### Exercise materials:
* * * * * * *

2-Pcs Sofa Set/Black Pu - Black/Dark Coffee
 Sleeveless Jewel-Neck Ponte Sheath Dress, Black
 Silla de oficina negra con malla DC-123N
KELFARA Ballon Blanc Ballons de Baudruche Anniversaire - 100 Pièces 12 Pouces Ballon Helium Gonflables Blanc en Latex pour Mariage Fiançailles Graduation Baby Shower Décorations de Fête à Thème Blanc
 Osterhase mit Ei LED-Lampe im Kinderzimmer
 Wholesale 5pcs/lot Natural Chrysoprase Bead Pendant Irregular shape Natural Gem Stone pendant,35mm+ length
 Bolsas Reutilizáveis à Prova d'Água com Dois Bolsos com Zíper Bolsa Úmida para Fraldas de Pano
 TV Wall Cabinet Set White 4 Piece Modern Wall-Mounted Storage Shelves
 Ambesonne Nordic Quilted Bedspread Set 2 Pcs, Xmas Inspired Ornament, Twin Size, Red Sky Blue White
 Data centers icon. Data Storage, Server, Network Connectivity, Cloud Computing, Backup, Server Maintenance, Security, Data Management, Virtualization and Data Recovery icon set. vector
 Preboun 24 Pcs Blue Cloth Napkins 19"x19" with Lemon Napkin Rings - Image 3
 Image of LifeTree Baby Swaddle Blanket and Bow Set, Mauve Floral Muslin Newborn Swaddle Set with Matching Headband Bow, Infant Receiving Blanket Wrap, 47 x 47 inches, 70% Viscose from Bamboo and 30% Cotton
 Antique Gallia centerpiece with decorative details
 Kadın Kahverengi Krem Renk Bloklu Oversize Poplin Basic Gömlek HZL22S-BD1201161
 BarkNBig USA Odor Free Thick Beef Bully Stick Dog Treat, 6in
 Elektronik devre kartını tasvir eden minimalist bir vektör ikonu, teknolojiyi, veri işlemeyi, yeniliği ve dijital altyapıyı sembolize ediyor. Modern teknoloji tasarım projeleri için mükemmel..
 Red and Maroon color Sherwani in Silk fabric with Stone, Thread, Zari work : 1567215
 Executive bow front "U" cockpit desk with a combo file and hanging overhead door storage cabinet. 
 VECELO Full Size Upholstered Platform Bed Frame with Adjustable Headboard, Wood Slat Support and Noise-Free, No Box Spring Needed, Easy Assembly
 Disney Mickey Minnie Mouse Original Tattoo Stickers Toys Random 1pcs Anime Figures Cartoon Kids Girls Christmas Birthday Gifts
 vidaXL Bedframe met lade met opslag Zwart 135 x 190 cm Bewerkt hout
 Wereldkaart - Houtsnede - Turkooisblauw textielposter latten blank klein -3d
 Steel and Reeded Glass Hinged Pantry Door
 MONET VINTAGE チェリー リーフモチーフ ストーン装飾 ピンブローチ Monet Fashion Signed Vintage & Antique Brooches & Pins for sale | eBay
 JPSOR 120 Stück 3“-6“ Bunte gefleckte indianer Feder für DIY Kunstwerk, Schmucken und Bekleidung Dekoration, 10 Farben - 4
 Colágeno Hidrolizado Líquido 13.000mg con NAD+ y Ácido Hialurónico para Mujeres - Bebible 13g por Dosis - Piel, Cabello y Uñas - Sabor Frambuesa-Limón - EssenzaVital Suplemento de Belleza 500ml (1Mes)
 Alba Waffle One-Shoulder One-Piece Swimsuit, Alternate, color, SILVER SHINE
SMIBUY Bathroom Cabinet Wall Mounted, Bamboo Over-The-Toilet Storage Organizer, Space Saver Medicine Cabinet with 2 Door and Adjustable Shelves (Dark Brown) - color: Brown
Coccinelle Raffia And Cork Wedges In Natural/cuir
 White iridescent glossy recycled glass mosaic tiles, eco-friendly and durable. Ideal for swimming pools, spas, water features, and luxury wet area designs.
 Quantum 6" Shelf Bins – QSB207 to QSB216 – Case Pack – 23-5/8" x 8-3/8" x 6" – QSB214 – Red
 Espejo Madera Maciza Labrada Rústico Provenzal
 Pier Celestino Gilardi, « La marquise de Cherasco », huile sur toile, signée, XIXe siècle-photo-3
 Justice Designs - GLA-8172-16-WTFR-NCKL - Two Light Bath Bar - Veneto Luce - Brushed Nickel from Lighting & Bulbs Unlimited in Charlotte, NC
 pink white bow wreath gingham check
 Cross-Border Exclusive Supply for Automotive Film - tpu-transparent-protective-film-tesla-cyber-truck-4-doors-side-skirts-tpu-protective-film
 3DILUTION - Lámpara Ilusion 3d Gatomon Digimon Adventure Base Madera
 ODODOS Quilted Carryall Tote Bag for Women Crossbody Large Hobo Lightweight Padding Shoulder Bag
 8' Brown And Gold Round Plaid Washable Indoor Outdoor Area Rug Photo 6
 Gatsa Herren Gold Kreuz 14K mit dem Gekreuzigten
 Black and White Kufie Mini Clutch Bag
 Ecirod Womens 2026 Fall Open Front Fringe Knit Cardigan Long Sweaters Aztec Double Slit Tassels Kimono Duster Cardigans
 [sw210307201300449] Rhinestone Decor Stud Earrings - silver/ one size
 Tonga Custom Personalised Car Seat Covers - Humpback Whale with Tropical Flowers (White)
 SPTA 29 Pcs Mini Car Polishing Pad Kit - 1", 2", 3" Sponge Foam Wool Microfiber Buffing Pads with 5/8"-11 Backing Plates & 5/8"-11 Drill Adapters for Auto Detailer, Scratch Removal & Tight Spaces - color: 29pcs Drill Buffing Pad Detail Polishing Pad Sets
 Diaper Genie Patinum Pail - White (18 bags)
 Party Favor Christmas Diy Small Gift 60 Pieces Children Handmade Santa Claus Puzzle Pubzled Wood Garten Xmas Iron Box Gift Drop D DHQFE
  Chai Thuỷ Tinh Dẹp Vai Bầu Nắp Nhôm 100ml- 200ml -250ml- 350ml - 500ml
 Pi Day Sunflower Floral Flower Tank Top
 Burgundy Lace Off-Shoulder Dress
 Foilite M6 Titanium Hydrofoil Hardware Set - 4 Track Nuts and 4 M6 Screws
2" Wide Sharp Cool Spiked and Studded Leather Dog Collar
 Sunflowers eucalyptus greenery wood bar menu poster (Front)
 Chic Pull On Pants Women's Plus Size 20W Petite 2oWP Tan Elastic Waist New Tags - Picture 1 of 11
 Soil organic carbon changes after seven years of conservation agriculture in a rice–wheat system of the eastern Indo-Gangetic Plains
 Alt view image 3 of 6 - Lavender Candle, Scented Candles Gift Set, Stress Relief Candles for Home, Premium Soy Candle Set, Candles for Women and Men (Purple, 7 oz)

* * * * * * *

### Activity:
Give only the number of lines in the data that include the string "Christmas".

### Written reply:
2